Va sottolineato che le modalità di impiego di manodopera sul territorio risulta comunque diversificato. Per esempio le restrizioni inerenti alla mobilità dei cittadini rumeni hanno colpito soprattutto la Val Venosta, che nel 2019 vedeva impiegati oltre la metà dei lavoratori non residenti. A Merano e a Bressanone invece il rapporto lavoratori non residenti sul totale si attesta intorno al 25%. L’ammanco di lavoratori slovacchi invece ha colpito particolarmente le zone della media Val Venosta mentre quello relativo ai lavoratori polacchi avrà ripercussioni generalizzate su tutti i territori con un accento particolare sulle zone di Lana e Salorno. La carenza di braccianti provenienti dalla Bulgaria interesserà invece il settore della raccolta delle mele nel Brugraviato e nella Bassa Atesina.

 

Una nuova ondata di incertezza potrebbe derivare dal fatto che i produttori locali rischiano di trovarsi in concorrenza con le diverse regioni italiane ed europee che lamentano anch’esse un notevole ammanco di lavoratori stranieri provenienti dai medesimi paesi d’origine.

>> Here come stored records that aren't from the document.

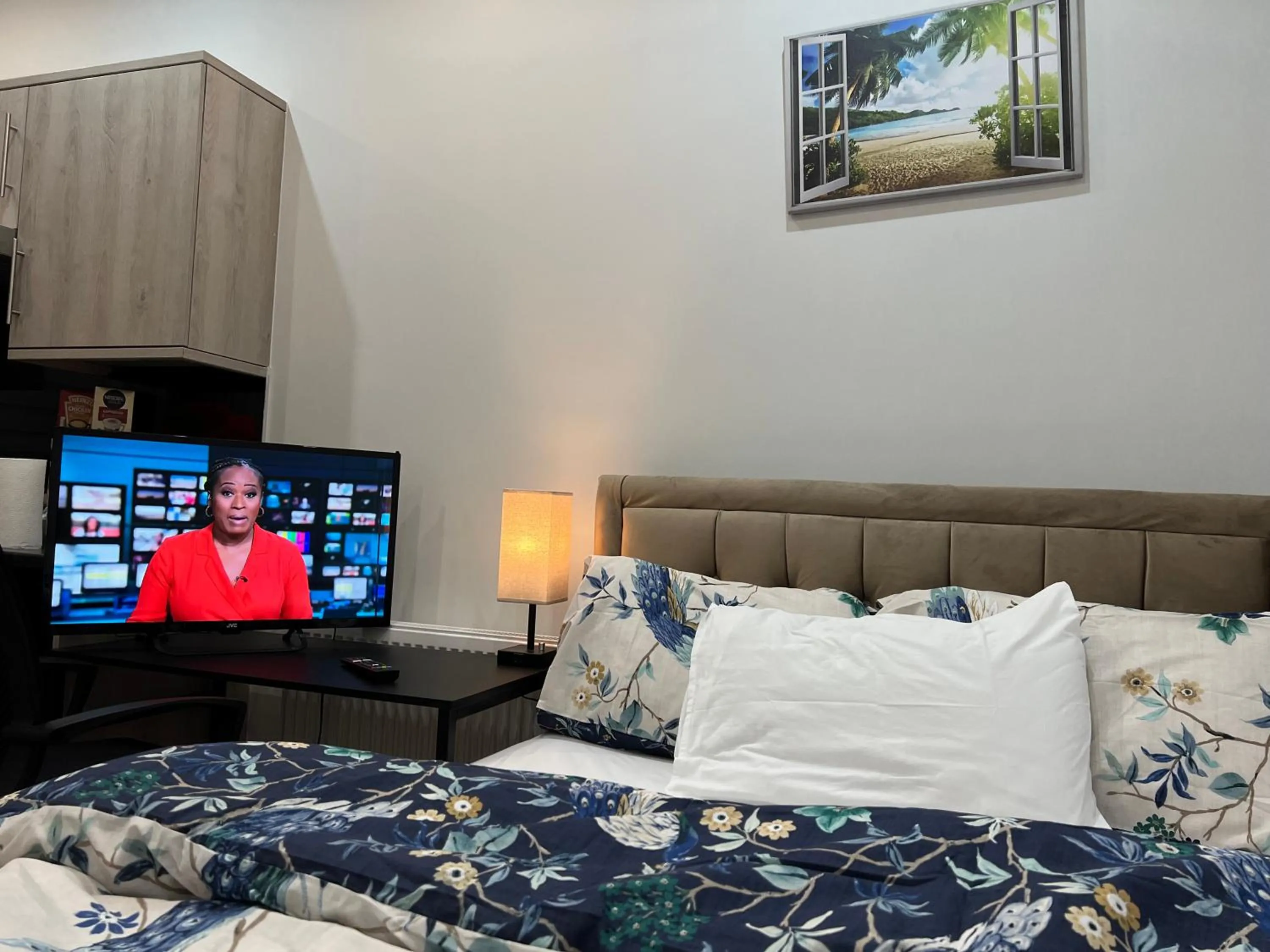 Bedroom, Bed in Belvue Serviced Apartment - Ealing Broadway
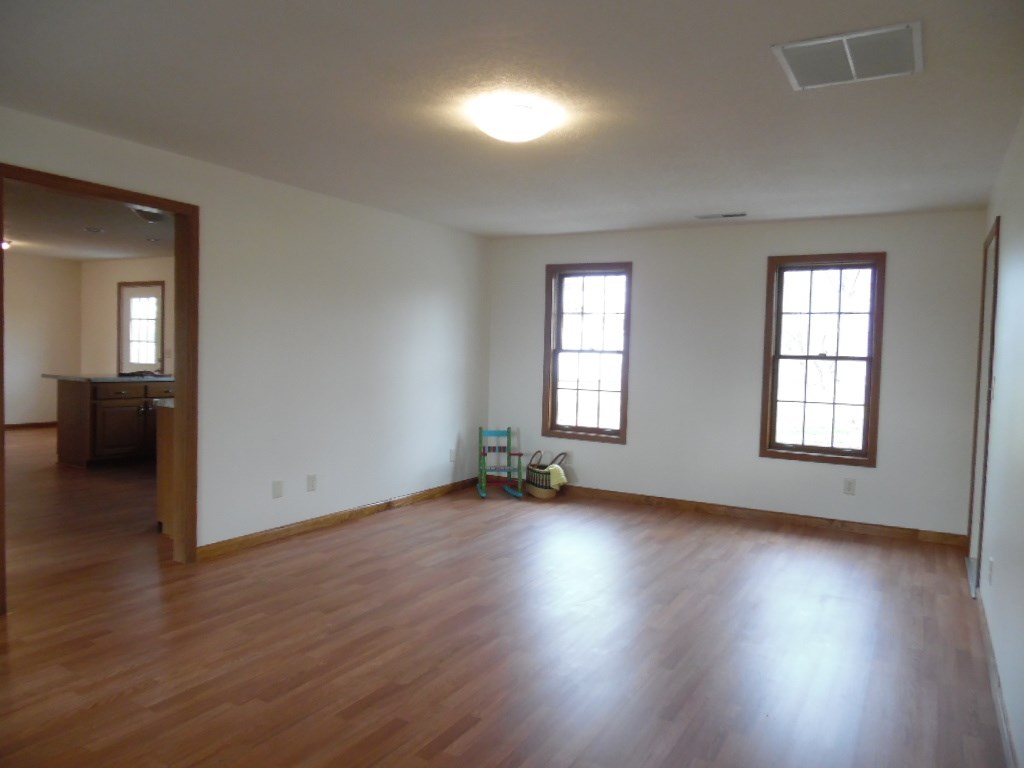 225 Elm Grove Road Bluffton, IN 46714 - Photo 8 of 20 Gallery Image 8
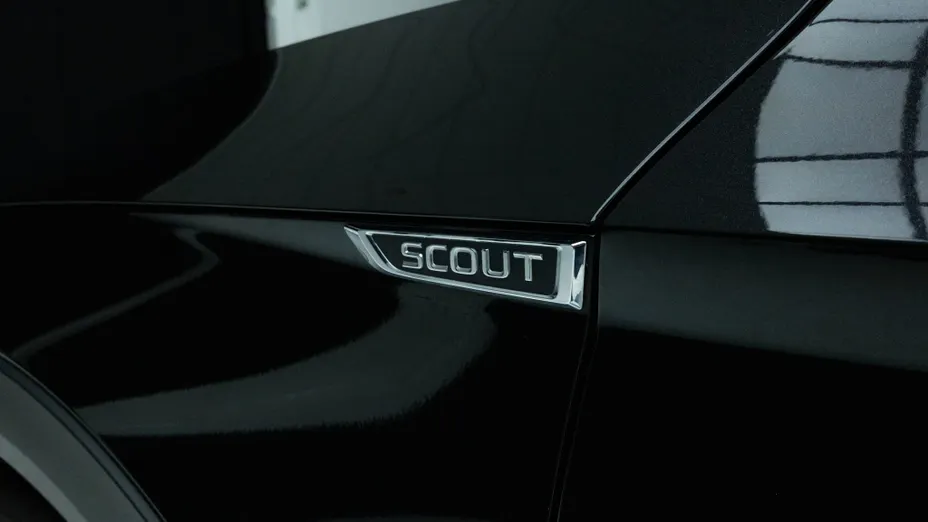 SKODA Superb Superb 2.0 TDI SCR 4x4 Scout DSG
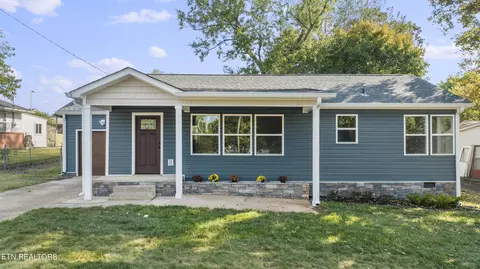 717 Elizabeth St, Athens, TN 37303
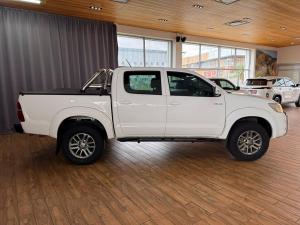 Toyota Hilux 4.0 V6 double cab 4x4 Raider Dakar edition - Image 7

L’elevata dipendenza dalla manodopera straniera in Alto Adige è evidente, tanto che nei periodi di punta della stagione del raccolto si registra che la percentuale della forza lavoro, soggetta all’obbligo di comunicazione, proveniente da paesi esteri arrivi a picchi del 60%.

Secondo il direttore della Ripartizione lavoro Stefan Luther diventa pertanto opportuno, se non necessario, definire delle misure finalizzate a rendere più consistente la presenza di forza lavoro residente in Alto Adige all’interno delle attività agricole stagionali.